We will be using GCP's dataproc tool to spawn a cluster equipped with Spark. Unlike Assignment 3, where we ran into trouble spawning instances with GPUs, you should find here that spinning up your own cluster takes a matter of seconds, and should be able to crank out the computation you need fairly seamlessly.

Setting up a Cluster

Use the following command (replacing [cluster-name] and [project-name]):

gcloud dataproc clusters create [cluster-name] --region us-central1 --subnet default --zone us-central1-c --master-machine-type n1-standard-4 --master-boot-disk-size 93 --num-workers 5 --worker-machine-type n1-standard-4 --worker-boot-disk-size 100 --image-version 1.3-deb9 --project [project-name]
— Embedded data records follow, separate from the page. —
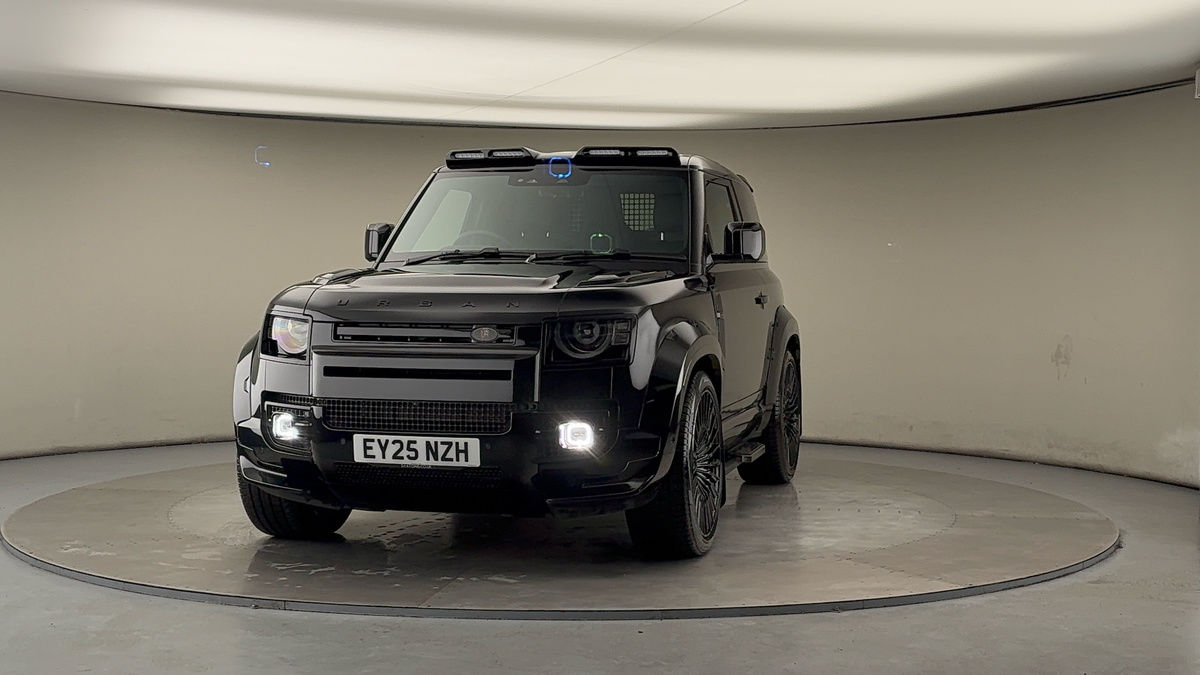 More views of Land Rover Defender 90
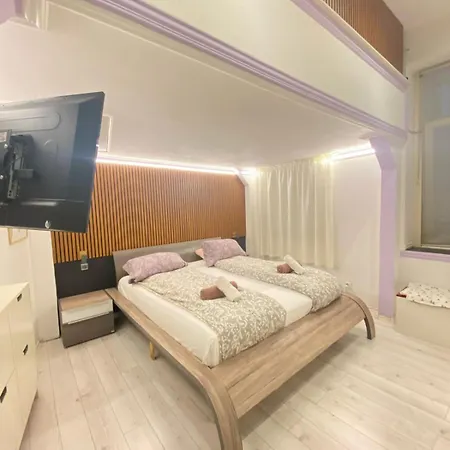 Appartement Yes, Yes! Lovely Good Amenities Center *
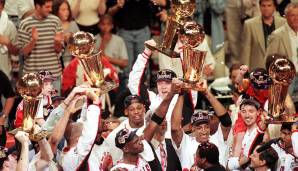 Brian Williams (links neben Jordan) wurde 1997 mit den Chicago Bulls Champion.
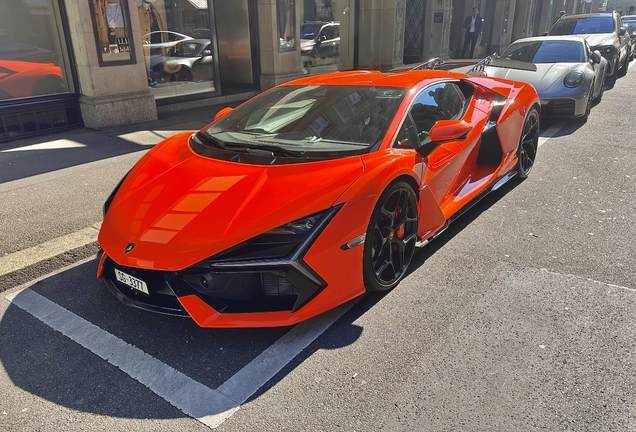 Lamborghini Revuelto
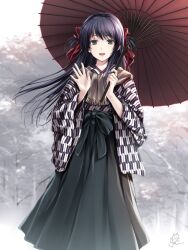 Rule 34 | 1girl, black hair, bow, cartagra, chaamii, floating hair, green eyes, green skirt, hair bow, highres, holding, holding umbrella, japanese clothes, kimono, kouzuki kazuna, long hair, long sleeves, looking at viewer, oil-paper umbrella, outdoors, red bow, red umbrella, scarf, skirt, smile, snow, solo, tree, two side up, umbrella, waving, wide sleeves, winter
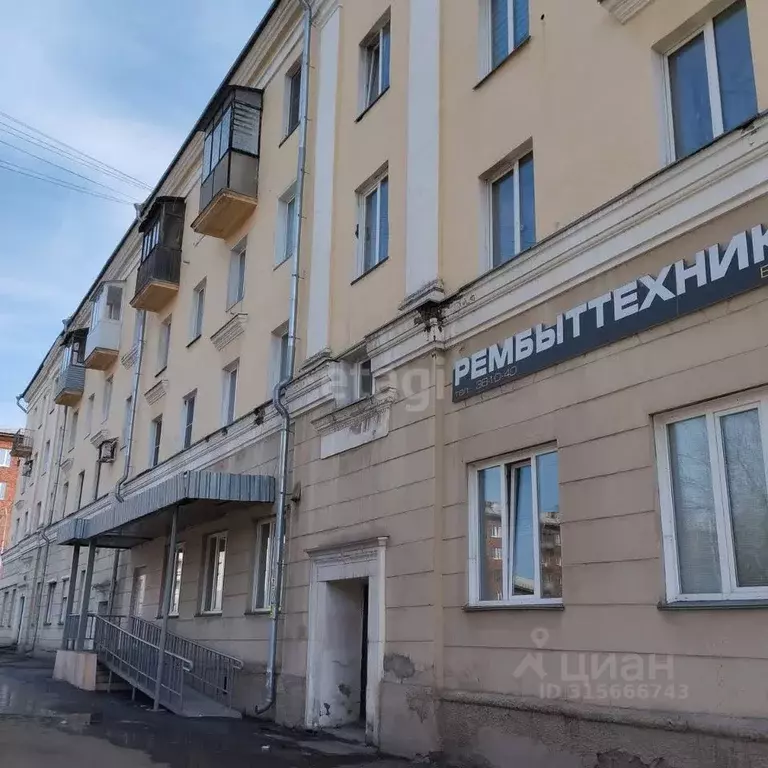 2-к кв. Кемеровская область, Новокузнецк ул. Ленина, 68 (58.5 м) - Фото 0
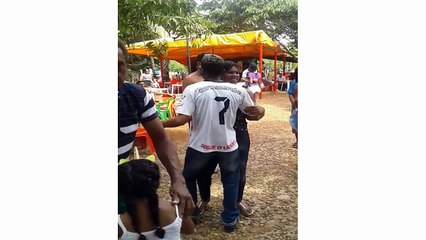 ELA NÃO LARGA EU   FERNANDO PISADINHA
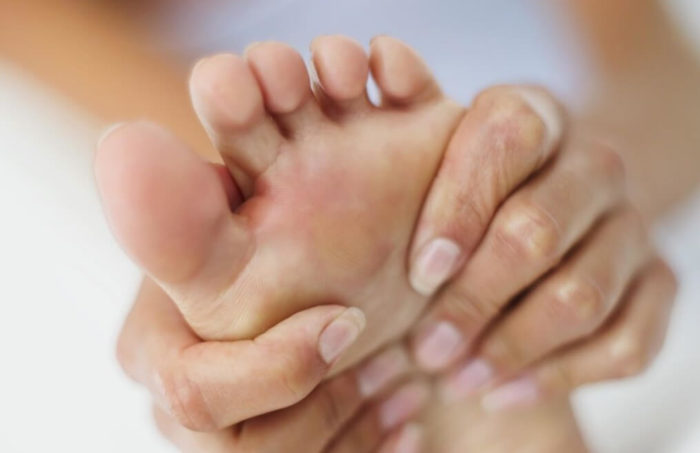 Массаж ступней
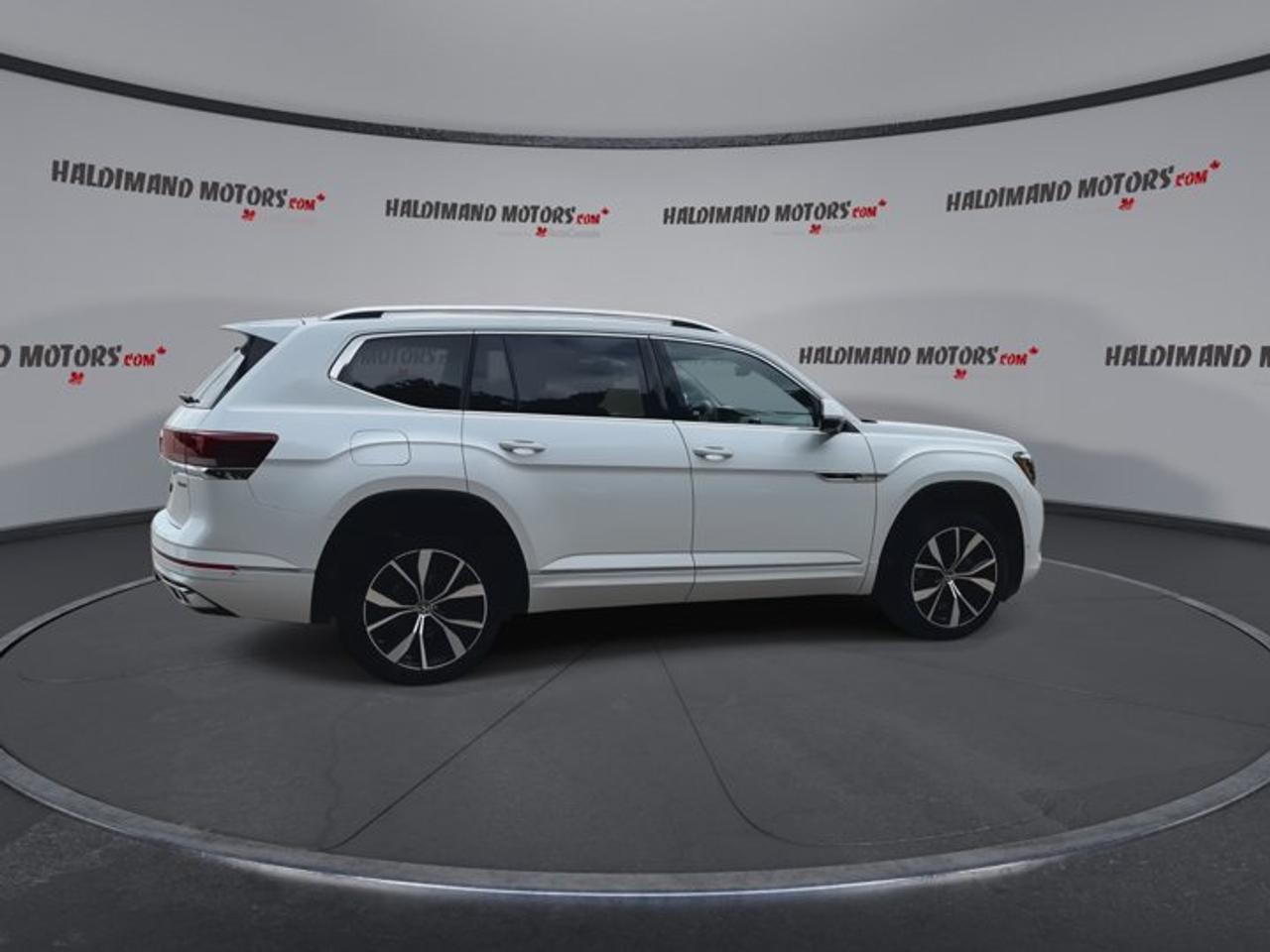 2024 Volkswagen Atlas Execline R-line 4WD | No Accidents | Pano. Sunroof Photo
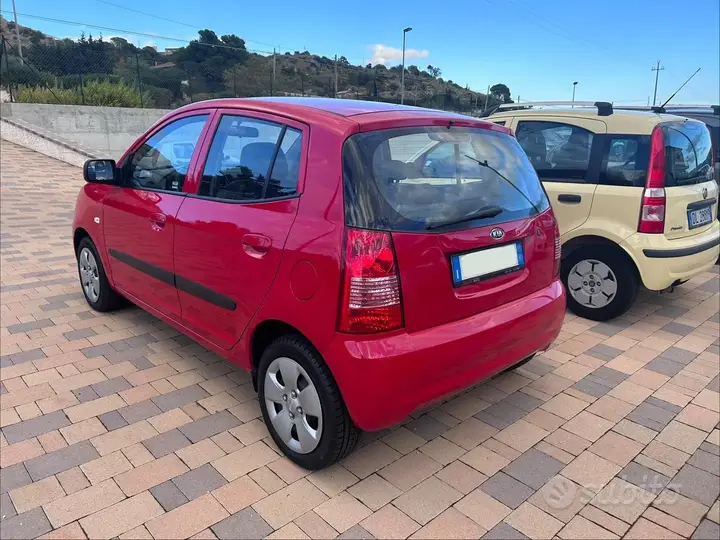 Kia Picanto 2007 photo 4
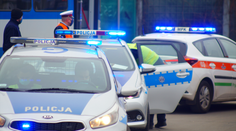 Opilý muž vběhl do sanitky a začal mlátit záchranáře pěstí do hlavy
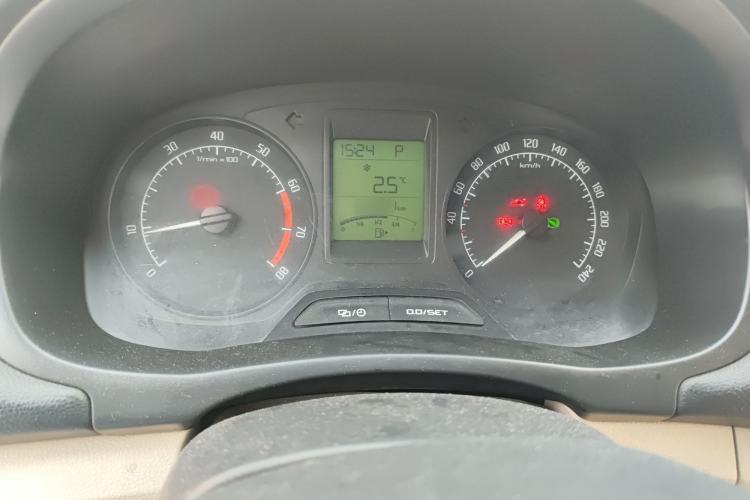 Used Skoda Fabia 2014 1.4L Automatic Crystal Edition Instrument Cluster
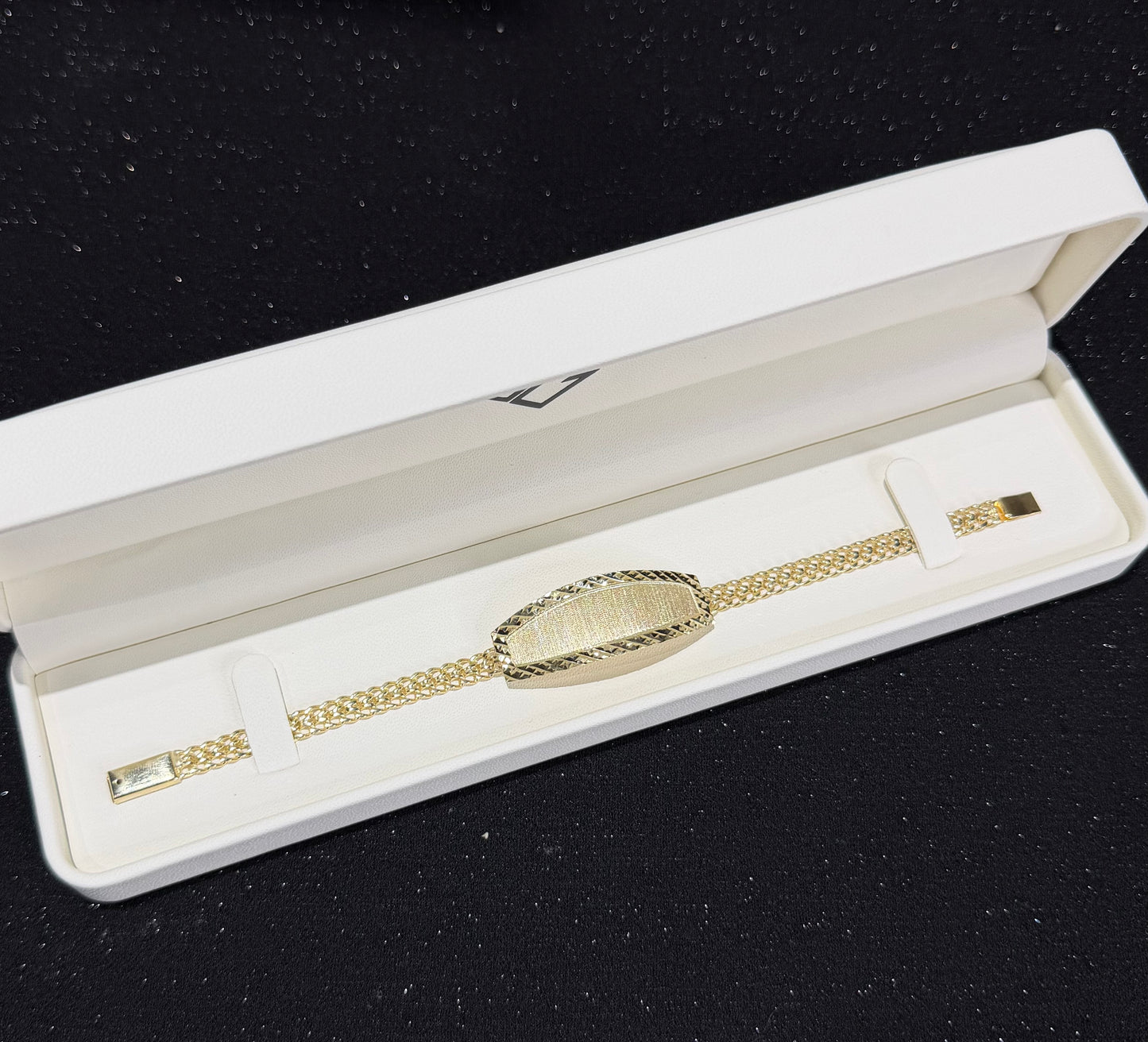 Esclava de petatillo con nombre 5.5 mm x 18 cm Oro 10k.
Once that's done, you should have a cluster of 5 worker machines, and a master machine. This cluster is located in the us-central1 region, but you can feel free to launch it it whichever region makes sense for you.

You can delete your cluster using:

gcloud dataproc clusters delete [cluster-name] --region us-central1

Submitting a Spark job to the cluster

Submitting a Spark job is easy :) We don't even need to SSH into the master; we can just use gcloud's CLI!

The command below will run the page_rank.py script (the Spark driver file) using the cluster specified by the cluster-name and cluster-region. Since the PageRank program takes in a CLI argument of filename, we specify that after the final --, this is where we list arguments to the Spark driver script. Since it is a file we need access to, we need to make the file available to it so we include the --files flag as well.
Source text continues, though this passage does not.